• **Exercise description**:
All of the records below should be output exactly.

-- Available data follows --

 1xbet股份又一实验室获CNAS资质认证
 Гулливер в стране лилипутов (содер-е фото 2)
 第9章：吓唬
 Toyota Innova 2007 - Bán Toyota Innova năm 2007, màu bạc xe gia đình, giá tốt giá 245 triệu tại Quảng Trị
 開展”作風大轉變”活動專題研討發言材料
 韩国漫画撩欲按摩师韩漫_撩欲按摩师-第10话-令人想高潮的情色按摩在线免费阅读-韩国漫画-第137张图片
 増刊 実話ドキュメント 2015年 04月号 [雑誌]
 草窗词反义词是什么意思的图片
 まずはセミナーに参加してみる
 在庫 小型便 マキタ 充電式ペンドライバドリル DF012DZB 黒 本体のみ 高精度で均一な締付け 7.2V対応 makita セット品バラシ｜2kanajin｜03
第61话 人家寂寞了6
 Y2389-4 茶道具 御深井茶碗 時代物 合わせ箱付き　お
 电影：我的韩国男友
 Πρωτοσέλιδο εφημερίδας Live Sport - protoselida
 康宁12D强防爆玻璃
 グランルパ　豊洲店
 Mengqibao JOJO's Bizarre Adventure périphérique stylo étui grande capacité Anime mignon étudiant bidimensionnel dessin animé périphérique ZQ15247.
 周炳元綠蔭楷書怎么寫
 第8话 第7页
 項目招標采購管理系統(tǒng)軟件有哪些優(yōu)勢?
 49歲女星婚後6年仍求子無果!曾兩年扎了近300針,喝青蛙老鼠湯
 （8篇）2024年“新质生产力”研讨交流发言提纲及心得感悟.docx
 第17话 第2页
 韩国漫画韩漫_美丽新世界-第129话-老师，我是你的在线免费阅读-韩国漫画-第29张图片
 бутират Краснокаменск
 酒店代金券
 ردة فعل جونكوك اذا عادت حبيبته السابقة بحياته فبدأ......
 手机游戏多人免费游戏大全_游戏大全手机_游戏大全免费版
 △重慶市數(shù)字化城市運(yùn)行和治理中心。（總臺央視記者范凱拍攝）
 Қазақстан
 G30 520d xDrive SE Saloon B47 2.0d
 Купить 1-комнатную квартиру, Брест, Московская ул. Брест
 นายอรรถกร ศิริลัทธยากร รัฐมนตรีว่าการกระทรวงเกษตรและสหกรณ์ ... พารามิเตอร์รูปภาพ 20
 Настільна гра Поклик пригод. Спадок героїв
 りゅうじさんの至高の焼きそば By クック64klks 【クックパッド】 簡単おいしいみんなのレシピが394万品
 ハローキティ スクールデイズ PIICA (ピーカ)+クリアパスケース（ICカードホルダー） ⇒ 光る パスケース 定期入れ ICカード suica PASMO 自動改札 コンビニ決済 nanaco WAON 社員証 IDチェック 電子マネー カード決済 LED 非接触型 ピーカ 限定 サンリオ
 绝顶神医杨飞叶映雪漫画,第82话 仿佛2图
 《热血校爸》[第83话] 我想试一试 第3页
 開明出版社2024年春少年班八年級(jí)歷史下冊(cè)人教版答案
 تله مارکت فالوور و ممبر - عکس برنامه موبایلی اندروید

-- Available data concluded --

• **Problem solution**:
 1xbet股份又一实验室获CNAS资质认证
 Гулливер в стране лилипутов (содер-е фото 2)
 第9章：吓唬
 Toyota Innova 2007 - Bán Toyota Innova năm 2007, màu bạc xe gia đình, giá tốt giá 245 triệu tại Quảng Trị
 開展”作風大轉變”活動專題研討發言材料
 韩国漫画撩欲按摩师韩漫_撩欲按摩师-第10话-令人想高潮的情色按摩在线免费阅读-韩国漫画-第137张图片
 増刊 実話ドキュメント 2015年 04月号 [雑誌]
 草窗词反义词是什么意思的图片
 まずはセミナーに参加してみる
 在庫 小型便 マキタ 充電式ペンドライバドリル DF012DZB 黒 本体のみ 高精度で均一な締付け 7.2V対応 makita セット品バラシ｜2kanajin｜03
第61话 人家寂寞了6
 Y2389-4 茶道具 御深井茶碗 時代物 合わせ箱付き　お
 电影：我的韩国男友
 Πρωτοσέλιδο εφημερίδας Live Sport - protoselida
 康宁12D强防爆玻璃
 グランルパ　豊洲店
 Mengqibao JOJO's Bizarre Adventure périphérique stylo étui grande capacité Anime mignon étudiant bidimensionnel dessin animé périphérique ZQ15247.
 周炳元綠蔭楷書怎么寫
 第8话 第7页
 項目招標采購管理系統(tǒng)軟件有哪些優(yōu)勢?
 49歲女星婚後6年仍求子無果!曾兩年扎了近300針,喝青蛙老鼠湯
 （8篇）2024年“新质生产力”研讨交流发言提纲及心得感悟.docx
 第17话 第2页
 韩国漫画韩漫_美丽新世界-第129话-老师，我是你的在线免费阅读-韩国漫画-第29张图片
 бутират Краснокаменск
 酒店代金券
 ردة فعل جونكوك اذا عادت حبيبته السابقة بحياته فبدأ......
 手机游戏多人免费游戏大全_游戏大全手机_游戏大全免费版
 △重慶市數(shù)字化城市運(yùn)行和治理中心。（總臺央視記者范凱拍攝）
 Қазақстан
 G30 520d xDrive SE Saloon B47 2.0d
 Купить 1-комнатную квартиру, Брест, Московская ул. Брест
 นายอรรถกร ศิริลัทธยากร รัฐมนตรีว่าการกระทรวงเกษตรและสหกรณ์ ... พารามิเตอร์รูปภาพ 20
 Настільна гра Поклик пригод. Спадок героїв
 りゅうじさんの至高の焼きそば By クック64klks 【クックパッド】 簡単おいしいみんなのレシピが394万品
 ハローキティ スクールデイズ PIICA (ピーカ)+クリアパスケース（ICカードホルダー） ⇒ 光る パスケース 定期入れ ICカード suica PASMO 自動改札 コンビニ決済 nanaco WAON 社員証 IDチェック 電子マネー カード決済 LED 非接触型 ピーカ 限定 サンリオ
 绝顶神医杨飞叶映雪漫画,第82话 仿佛2图
 《热血校爸》[第83话] 我想试一试 第3页
 開明出版社2024年春少年班八年級(jí)歷史下冊(cè)人教版答案
 تله مارکت فالوور و ممبر - عکس برنامه موبایلی اندروید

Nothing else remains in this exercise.